Border Force officials could go on strike over Priti Patel’s ‘morally reprehensible’ plans to turn back people crossing the English Channel in dinghies, a union has said.
The PCS union suggested the ‘pushbacks’ policy risks lives and may break international law.
The Home Office is now facing legal action after the union teamed up with a refugee charity to challenge the plan to turn small boats around at sea.
The news comes as figures show 28,300 people crossed the Dover Strait aboard small boats in 2021, three times the number in 2020.
In November, at least 27 people drowned in the deadliest crossing on record, including pregnant women and children.
The PCS, whose members include around 80% of the Border Force officials who would be tasked with carrying out the ‘pushbacks’, and the charity Care4Calais have filed an application for judicial review on the policy.

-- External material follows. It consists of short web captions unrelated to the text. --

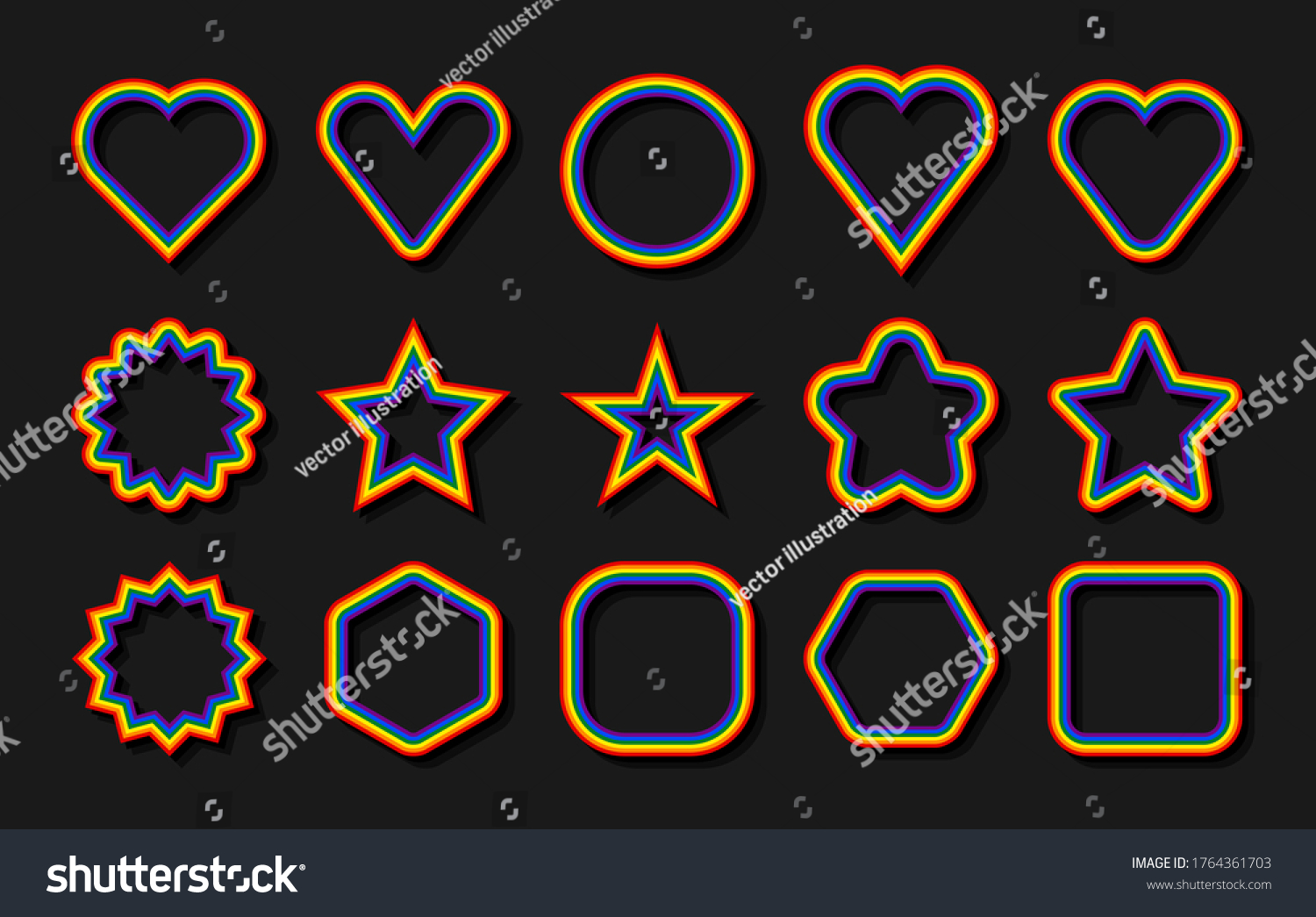 Lgbt Flag Circle Star Hexagon Heart Stock Vector Royalty Free 1764361703 Shutterstock 8687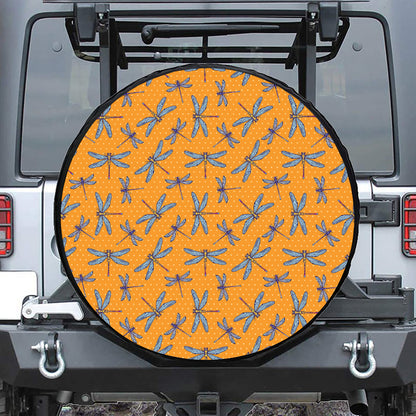 Polka Dot Dragonfly Pattern Print Tire Cover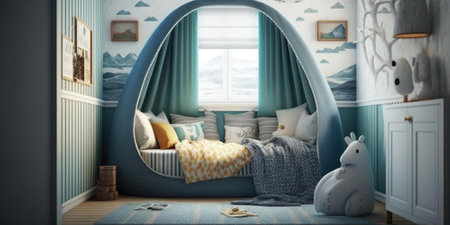 Child play room interior decoration with toy for playing. superlative generative AI image.の素材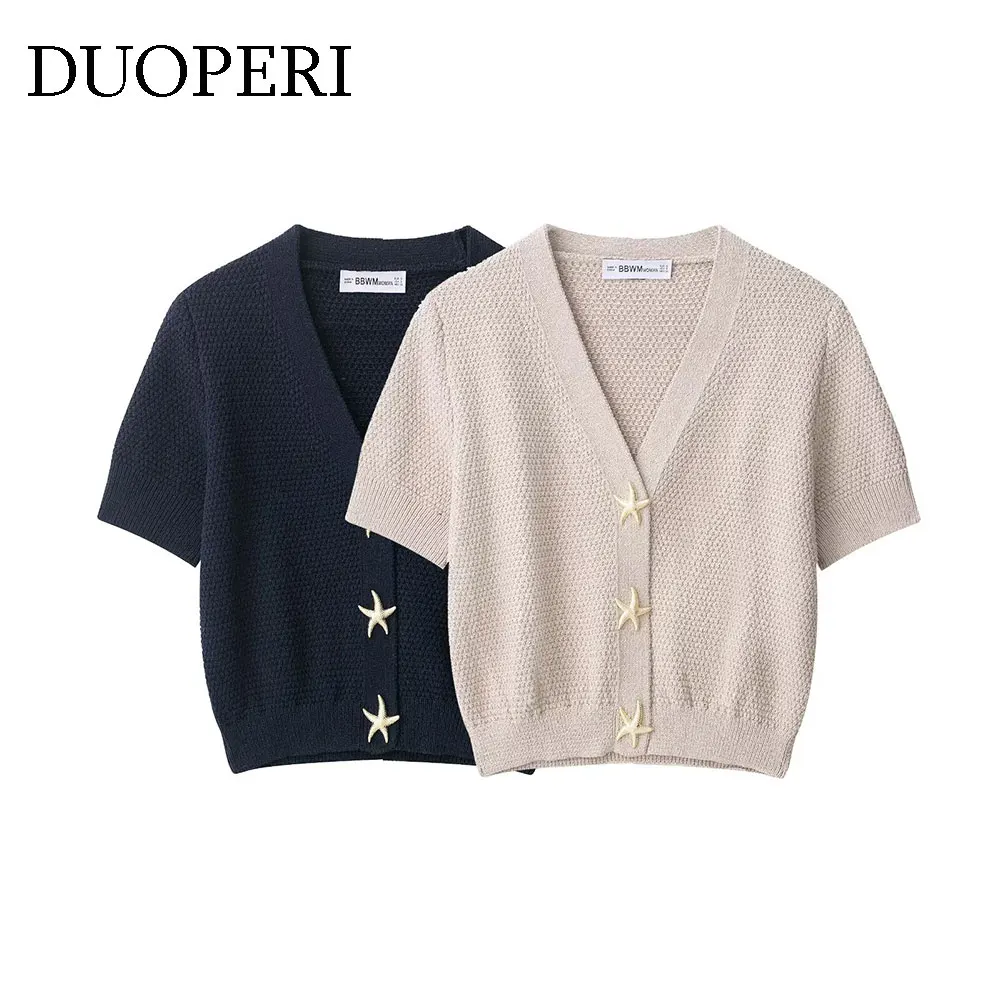 DUOPERI femmes Cardigans solide simple boutonnage tricoté pull col en v manches courtes femme élégant Chic dame décontracté hauts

The Public and Commercial Services Union said it ‘contravenes international law and is morally reprehensible’, and could expose Border Force officials to risk of prosecution.
Even if the court application is unsuccessful, the union has not ruled out industrial action and said officials could refuse to carry out the pushbacks.
PCS general secretary Mark Serwotka said: ‘The legality of the pushbacks policy is in serious question, and it is right that the court decides whether it is unlawful to turn back Channel boats.
‘We cannot have a situation where our members could be open to potential civil and criminal action for implementing a policy that they do not agree with and know is not safe.
‘Although we are hoping for a positive outcome from the legal proceedings, people should be in no doubt PCS strongly opposes this policy, on moral and humanitarian grounds, and we will not rule out industrial action to prevent it being carried out.’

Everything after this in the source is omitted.